▶ [Information supplied]:
****************
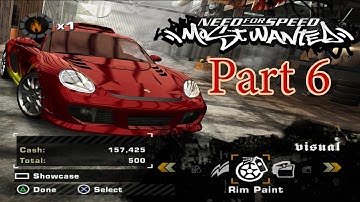 NEED FOR SPEED MOST WANTED PS2 1440p 2K RESOLUTION WALKTHROUGH PART 6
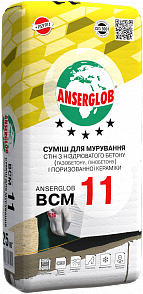 Суміш кам'яна Anserglob ВСМ 11 25 кг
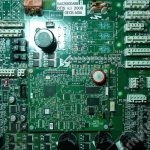 Плата станции управления, XIZI OTIS, GECB.ASIA, (ABB8) с AML2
****************
▶ [Exercise details]: The full data, repeated exactly and stripped of its pictures, is the expected answer.

▶ [Result of the exercise]:
 NEED FOR SPEED MOST WANTED PS2 1440p 2K RESOLUTION WALKTHROUGH PART 6
 Суміш кам'яна Anserglob ВСМ 11 25 кг
 Плата станции управления, XIZI OTIS, GECB.ASIA, (ABB8) с AML2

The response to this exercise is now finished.